# Permutation and Combination at Five Levels

**Level 1: Explanation for a Child**

Let’s think about ice cream. If you have 3 flavors - chocolate, vanilla, and strawberry - and you want to choose two flavors for your sundae, in how many ways can you do it? If the order matters, like you want chocolate on top of strawberry, that’s a permutation. But if you don’t care which one is on top, and you just want both flavors, that’s a combination.

**Level 2: Explanation for a Teenager**

Imagine you’re making a playlist of your 5 favorite songs. If the order of songs matters, it’s a permutation. For example, having “Song A, Song B, Song C” is different from “Song B, Song A, Song C”. However, if you just care about what songs are in the playlist and not their order, it’s a combination. So “Song A, Song B, Song C” is the same as “Song B, Song A, Song C”.

**Level 3: Explanation for an Undergraduate**

Permutations and combinations are two concepts in mathematics, particularly in statistics and probability theory.

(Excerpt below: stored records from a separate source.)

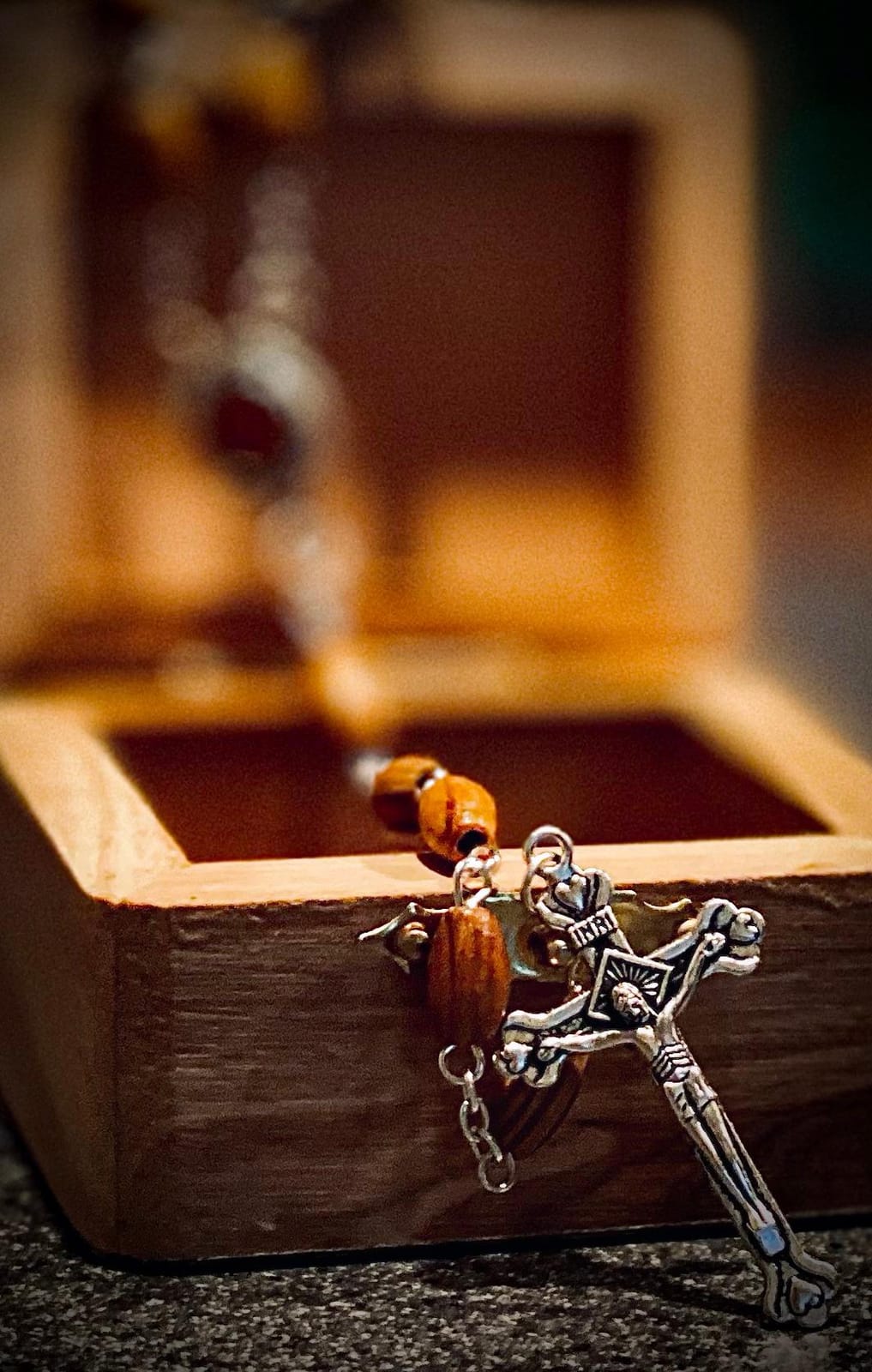 Holy Land Market Olive Wood Rosary Box Set Bethlehem Jerusalem Cross | Grade A Olive Wood, 6 Engraving Designs, Handmade in Bethlehem, First Communion Gift, Baptism Gift customer photo 1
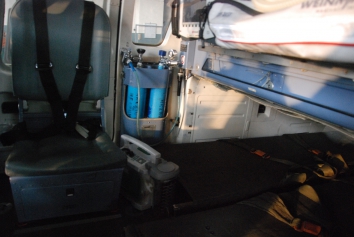 Кресло врача, стойка с кислородными баллонами и Accuvac Basic (отсасывающий прибор) и носилки типа NATO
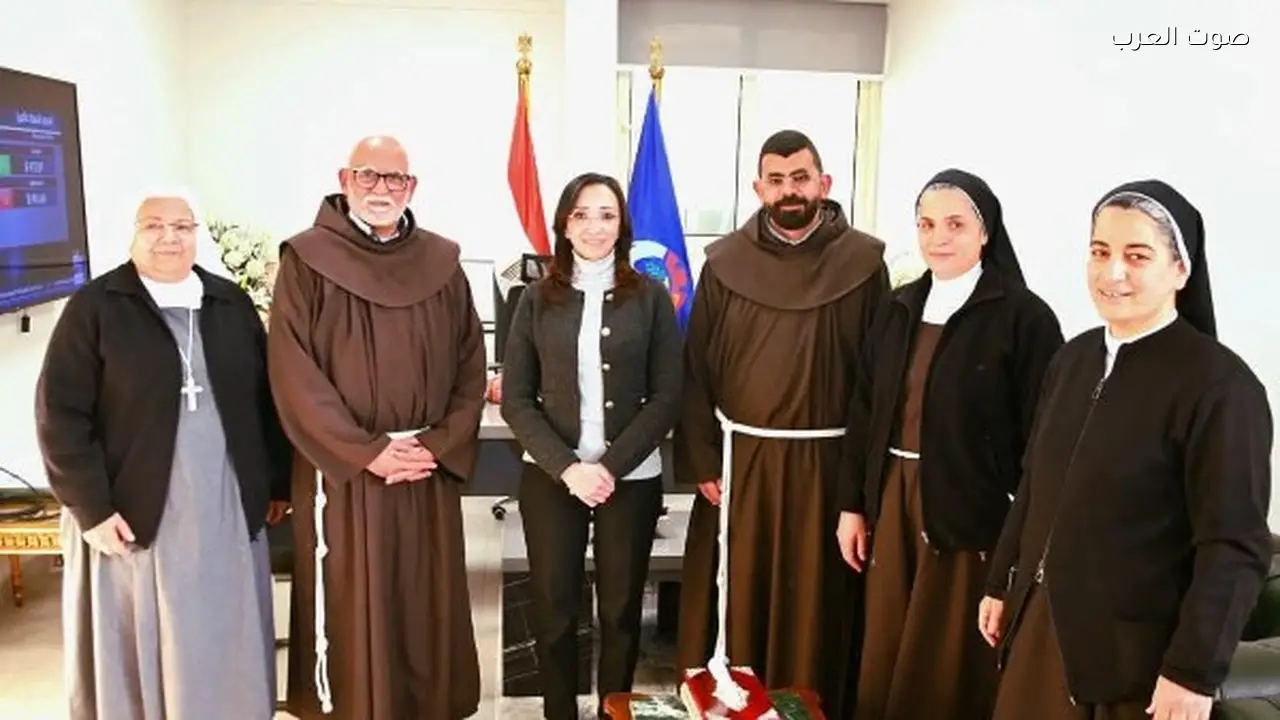 تهنئة الكنيسة الكاثوليكية بالبحيرة وكفر الدوار للدكتورة جاكلين عازر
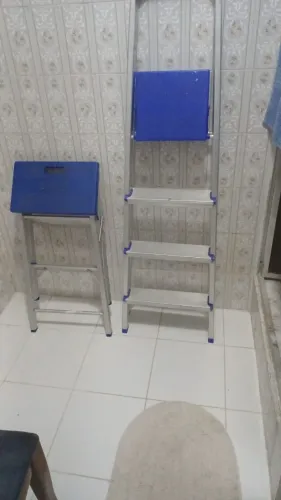 Duas escadas de alumínio usadas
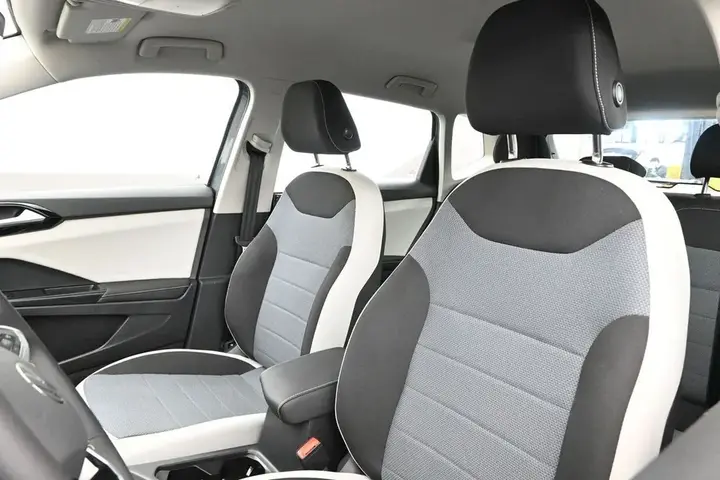 Volkswagen Taos 2025 photo 4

Permutations are about arranging items where the order is important. For instance, when you’re analyzing possible outcomes of a password composed of different characters. Combinations, on the other hand, are about selecting items where the order is not important. For example, in a lottery where you have to select a set of numbers regardless of the order.

**Level 4: Explanation for a Graduate Student**

Permutations and combinations are foundational concepts in combinatorics, used to calculate the number of possible arrangements (permutations) or selections (combinations) of a set of items. These notions are vital in many fields including probability theory, statistics, and computer science - from analyzing the complexity of algorithms to understanding random processes and statistical distributions.

**Level 5: Explanation for a Colleague**

Permutations and combinations are critical for combinatorial analysis, often serving as base cases in more complex combinatorial constructs. They’re employed in various computer science applications like generating permutations for backtracking algorithms, or evaluating combination possibilities in machine learning feature selection. Understanding the difference between permutations (order matters) and combinations (order doesn’t matter) is essential when dealing with problems of arrangement, selection, and distribution in combinatorial optimization and probabilistic modelling.

## Richard Feynman Explanation

Let’s imagine that you have a small box of various nuts and bolts. Now, suppose I ask you to take out three items from the box. There are many different ways you could do this, right? You might take out two bolts and one nut, or one bolt and two nuts, or three bolts, or three nuts, and so on. Each of these different possibilities is what we call a “combination”.

Now, suppose I ask you to arrange these three items in a line. For instance, you might put a bolt first, then a nut, then another bolt. Or you might put a nut first, then a bolt, then another bolt. Each of these different ways of arranging the items is a “permutation”.

So, in simple terms, a combination is about choosing items without regard to order, while a permutation is about arranging items in a particular order.

In the same way that we use mathematics to calculate the number of possible outcomes when we roll dice or flip coins, we can use mathematics to calculate the number of possible combinations or permutations. This can be really useful in all sorts of problems, from figuring out the odds of winning a lottery, to planning routes for deliveries, to analysing DNA sequences, and many others.

Just like how in physics, we often need to calculate probabilities - for example, the probability of an atom decaying, or a photon hitting a detector - in mathematics and computer science, we often need to calculate combinations and permutations. And although the math can sometimes get a bit tricky, the core concepts are really just about counting and arranging things.